Spring and early summer were spent purchasing and testing a multitude of gear, and finding out that our friends are flakes! Everyone who thought the trip sounded like a great idea six months ago was now either unable or unwilling to jump on the Falcioni tour bus and ride up north. Strangely enough, the one guy we were sure wouldn’t go ended up making the trip. Steve Trenhaile was on board and ready to do anything to make it happen.

Steve also invited his friend John Kusterer along. This was a worry, as John was the reason we’d had issues with Steve before. Those two get along so well, it creates a ‘them vs. us’ situation that never seems to work out amicably when we are involved.  Okay, admittedly, we’re not easy folks to get along with sometimes, since we’re both sort of opinionated – uh okay, we’re REALLY opinionated.  We also are major planners and so we tend to want to be in charge.  This makes it difficult to find people who are willing to mesh with our way of traveling.

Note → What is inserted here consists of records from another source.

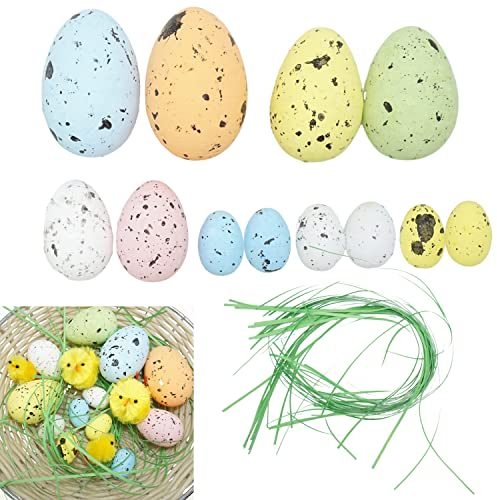 12x Easter Foam Eggs with Paper Grass Easter Eggs Graffiti Speckled Eggs Mini Bird Egg Decorative for Easter Tree Decorations Basket Filler Ornaments 4 Different Size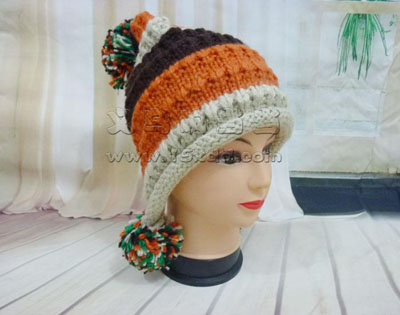 韩版潮可爱针织毛线帽 秋冬天女士帽 -时尚护耳帽子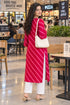 Pink & Red Pure Cotton Ikat Printed Kurta For Women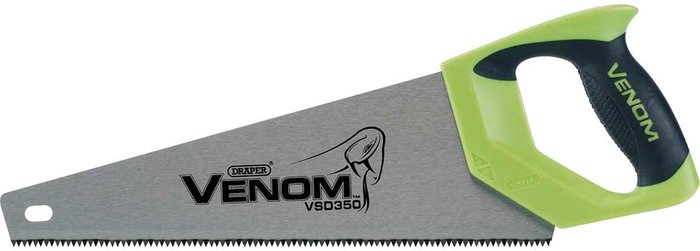 Tooled Up | Draper Venom 8Ppi Hp Hand Saw - Green / 35cm Draper Venom 8Ppi Hp Hand Saw - Green / 35cm
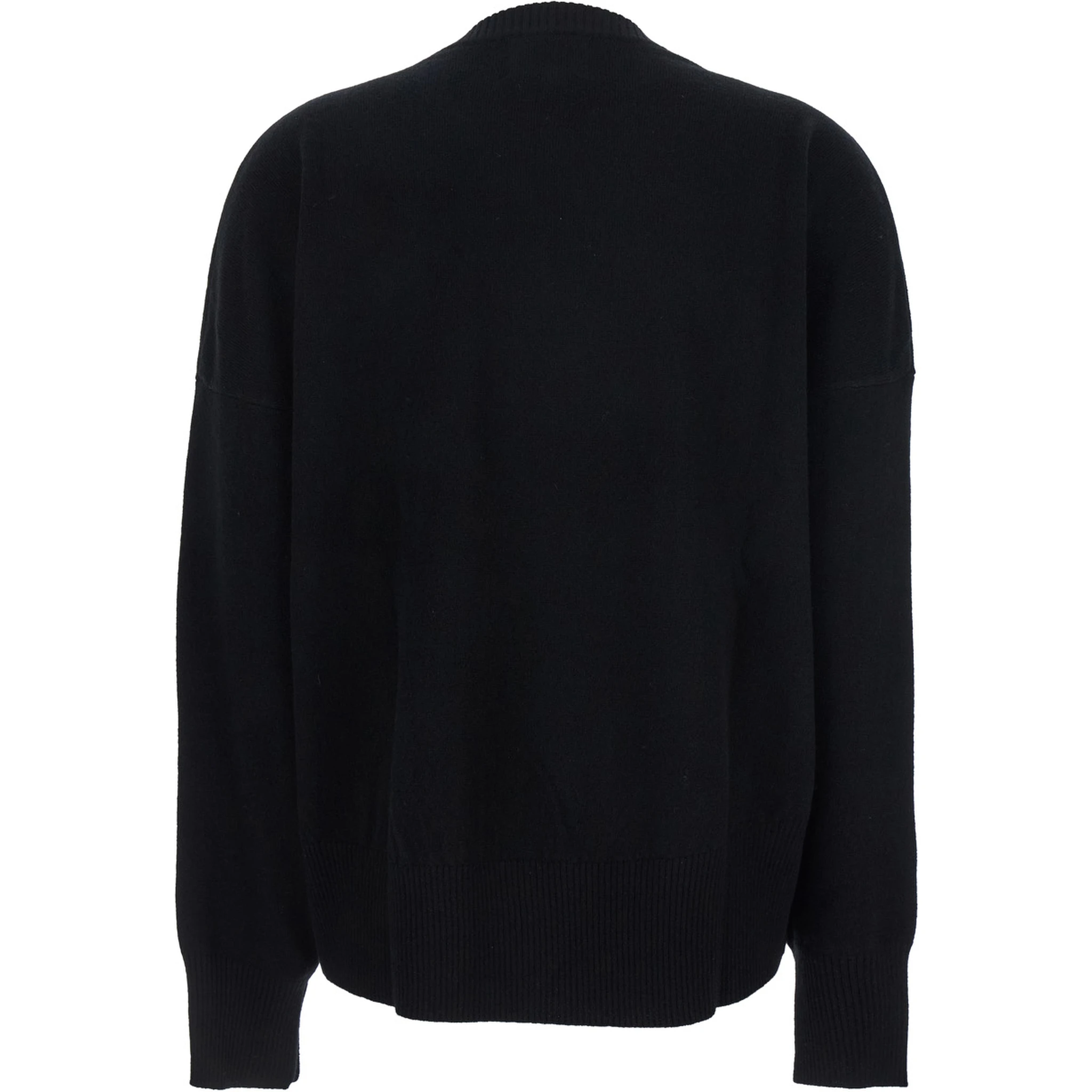 Black Crewneck Sweater with Ribbed Trims in Cashmere Woman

For the sake of safety, we decided to give it a try. The worst that could happen was we’d go separate ways somewhere along the road. No, the worst that could happen would be Mike using the bear mace on John, and then not have any left when a bear showed up in camp. Fortunately that didn’t happen! Unfortunately, we did split up 13 days into the journey, and learned again that we’re really much happier traveling as a couple than a group.

What did we accomplish? Heading out on July 4th, we spent 26 days on the road. Only one day was spent off the bikes, and one other day with just a short jaunt. So, 24 all-day riding days, for a total of 9,000 miles. What goals did we miss? We didn’t make it to the Arctic Circle, or Prudhoe Bay. It would have been great to say we did it – and even though I’m disappointed that we missed out, it really was the only thing on the trip that would have been done pretty much just for bragging rights and not for enjoyment. Still, I want to hit that Arctic Circle target sometime, I guess down deep I do want that trophy on my virtual shelf.

Was it worth it? Well, it wasn’t ‘fun’, but it was an adventure. We flew through some of the most beautiful and lonely country I’ve ever seen. We’d touch down in a small town late in the evening, sometimes with a hotel reservation, sometimes not. We usually got lucky and had decent places to stay, but there were a few times that we were very happy to have camping gear, and a few times the motel was so ugly that we’d wish camping was an option! Just as quickly as we’d get in to a town, we’d leave again the next morning. It all turned into a blur of good and bad roads, breathtaking scenery, incredible wildlife and wonderful people.

Sadly, so much was packed into those 4 weeks that without photos and hotel receipts, I’d never remember what happened from one day to the next. Tiny points stand out clearly, little things I remember with ease and so completely, but these pinpoints of clarity are surrounded by a fog of other times and places that I should remember, but don’t. A month wasn’t nearly enough. I don’t know if three months would be adequate. I do know that by August 1st, we were very happy to be back home with our warm cats and comfy bed!

Would I do it again? Yes! When do we leave?